Liebe Leser*innen,
der Klimawandel betrifft uns immer direkter und heftiger: In den vergangenen zwölf Monaten gab es in Deutschland so viel Regen wie noch nie seit dem Beginn der Aufzeichnung im Jahr 1881. Starkregen, Hochwasser und Überflutungen sind wie Hitzerekorde und Dürren nur zwei Seiten einer Medaille. Der Klimawandel führt schon jetzt zu Krisen und droht, in Zukunft noch zuzunehmen und in weiteren Katastrophen zu enden. Die drängenden Herausforderungen für einen besseren Umwelt-, Natur- und Katastrophenschutz betreffen dabei nicht nur die Politik. Auch die Medien sind gefragt; auf sie kommen weitere und große Aufgaben zu.
Aus Anlass des Jahrestages der Ahrtalflut Mitte Juli 2021 haben wir kürzlich erste Ergebnisse einer neuen Studie präsentiert, die explizit die Rolle der Medien im Katastrophenfall in den Blick nimmt. Das Autorinnenteam um Marlis Prinzing hat Betroffene der Flut genauso interviewt wie Journalist*innen, die über die Geschehnisse vor Ort berichteten. Die Studie zeigt die Bedeutung einer emphatischen Berichterstattung auf, formuliert Empfehlungen für mehr Krisenkompetenz in den Redaktionen und plädiert nachhaltig dafür, Redaktionen künftig besser in die behördlichen Abläufe im Katastrophenfall einzubinden. Die Printfassung des OBS-Arbeitshefts 114 kann schon (vor-) bestellt werden.
Eine zentrale Erwartung, die die interviewten Betroffenen in der Ahrtalregion an die Medien richteten, war eine kritische Berichterstattung über Missstände im Katastrophenfall. Ein Musterbeispiel solch journalistischer Arbeit ist die Reportage "Rette sich, wer kann", die die Jury unserer "Auszeichnung für behinderte Journalist*innen" in diesem Jahr gewürdigt hat. Preisträger Artin Madjidi und sein Team sprechen in der Reportage mit Angehörigen und Freunden von zwölf Bewohner*innen eines Heims für Menschen mit Behinderungen, die in der Flutnacht vom 14. auf den 15. Juli 2021 ums Leben gekommen sind. Die Reportage geht der Frage nach, wie sich der Katastrophenschutz auch für Menschen mit Behinderungen verändern muss. Ein Must-See!
Aktuell treibt nicht nur uns die zunehmende rechte Gewalt und die wachsende Polarisierung in den politischen Auseinandersetzungen um.
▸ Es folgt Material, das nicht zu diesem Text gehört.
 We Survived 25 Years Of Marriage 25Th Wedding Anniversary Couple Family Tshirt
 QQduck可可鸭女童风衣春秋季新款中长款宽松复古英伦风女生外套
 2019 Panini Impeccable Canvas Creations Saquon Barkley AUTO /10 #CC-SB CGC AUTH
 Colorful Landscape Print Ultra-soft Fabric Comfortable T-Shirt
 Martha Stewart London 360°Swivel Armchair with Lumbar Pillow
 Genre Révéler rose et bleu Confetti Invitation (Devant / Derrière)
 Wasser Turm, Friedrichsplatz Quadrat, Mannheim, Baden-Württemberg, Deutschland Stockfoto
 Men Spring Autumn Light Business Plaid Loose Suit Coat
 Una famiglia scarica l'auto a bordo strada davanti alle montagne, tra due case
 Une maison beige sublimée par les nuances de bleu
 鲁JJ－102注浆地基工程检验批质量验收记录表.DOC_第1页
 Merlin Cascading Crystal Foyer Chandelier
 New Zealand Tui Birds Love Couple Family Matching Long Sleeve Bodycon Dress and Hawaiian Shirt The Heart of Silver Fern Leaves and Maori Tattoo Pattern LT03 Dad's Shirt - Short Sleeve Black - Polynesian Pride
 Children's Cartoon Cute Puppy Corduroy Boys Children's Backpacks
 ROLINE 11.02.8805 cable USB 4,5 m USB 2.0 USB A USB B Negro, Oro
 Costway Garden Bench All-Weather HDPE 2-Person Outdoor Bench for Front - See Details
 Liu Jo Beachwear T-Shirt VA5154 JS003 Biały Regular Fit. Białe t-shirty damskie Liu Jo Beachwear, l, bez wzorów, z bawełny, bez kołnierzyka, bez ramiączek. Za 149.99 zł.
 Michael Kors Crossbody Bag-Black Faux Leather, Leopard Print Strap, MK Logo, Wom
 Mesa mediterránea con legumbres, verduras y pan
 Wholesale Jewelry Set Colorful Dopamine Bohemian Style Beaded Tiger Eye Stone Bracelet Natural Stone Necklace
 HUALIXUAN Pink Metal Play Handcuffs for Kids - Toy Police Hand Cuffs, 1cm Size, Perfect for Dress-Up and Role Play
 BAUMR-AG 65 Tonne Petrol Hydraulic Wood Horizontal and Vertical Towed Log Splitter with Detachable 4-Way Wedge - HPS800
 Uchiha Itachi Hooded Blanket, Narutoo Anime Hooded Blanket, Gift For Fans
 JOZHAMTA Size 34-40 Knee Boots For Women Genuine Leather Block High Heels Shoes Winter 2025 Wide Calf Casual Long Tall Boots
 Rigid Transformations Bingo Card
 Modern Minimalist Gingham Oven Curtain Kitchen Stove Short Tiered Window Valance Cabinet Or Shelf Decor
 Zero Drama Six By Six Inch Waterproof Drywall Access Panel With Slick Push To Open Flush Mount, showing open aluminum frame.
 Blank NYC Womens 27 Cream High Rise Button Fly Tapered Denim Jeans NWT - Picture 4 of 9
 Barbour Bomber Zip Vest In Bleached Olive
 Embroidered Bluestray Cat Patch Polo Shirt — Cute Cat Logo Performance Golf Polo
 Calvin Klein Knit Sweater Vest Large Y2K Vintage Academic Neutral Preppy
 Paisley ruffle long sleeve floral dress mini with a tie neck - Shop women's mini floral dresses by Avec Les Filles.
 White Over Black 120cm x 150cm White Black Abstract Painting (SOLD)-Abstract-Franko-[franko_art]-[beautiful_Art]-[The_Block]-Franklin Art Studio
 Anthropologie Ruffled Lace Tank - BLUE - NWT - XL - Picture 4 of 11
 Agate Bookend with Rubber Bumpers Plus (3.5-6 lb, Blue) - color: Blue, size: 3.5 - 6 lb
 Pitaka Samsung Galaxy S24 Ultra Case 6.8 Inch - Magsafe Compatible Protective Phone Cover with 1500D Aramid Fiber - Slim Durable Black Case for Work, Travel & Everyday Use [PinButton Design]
Fast täglich wird über Angriffe und gewalttätige Konflikte berichtet. Für Sachsen haben Thomas Laux und Teresa Lindenauer im OBS-Arbeitspapier 68 dargelegt, wie sehr hiervon auch Aktive in der politischen Bildung betroffen sind. Doch anstatt die politische Bildung und die Beratungsstellen für Betroffene rechter Gewalt endlich nachhaltig zu fördern, streitet die Ampelkoalition weiterhin über das Demokratiefördergesetz. Ein fatales Zeichen.
Speziell die Situation in Sachsen, Thüringen und Brandenburg wird uns in den kommenden Wochen und Monaten weiter beschäftigen – nicht nur wegen den dort anstehenden Landtagswahlen. Mit neuen Studien tragen wir zur kritischen Analyse der AfD bei und rücken dabei auch Fragen und Aspekte in den Mittelpunkt, die über die Betrachtung konkreter Wahlergebnisse hinausgehen. Auf unserer Jahrestagung im November diskutieren wir deshalb auch progressive Antworten auf den Ausgang der Landtagswahlen. Wir beschäftigen uns mit autoritären Dynamiken in der Gesellschaft und beleuchten auch Entwicklungen in der Arbeitswelt – mit Überlegungen, wie den Bedrohungszenarien dort begegnet werden kann. Anmeldungen sind ab Ende August möglich, über das Programm informieren wir weiter unten.
In diesen unruhigen Zeiten wünschen wir allen eine Sommerzeit, die auch Erholung ermöglicht und Zuversicht bringt.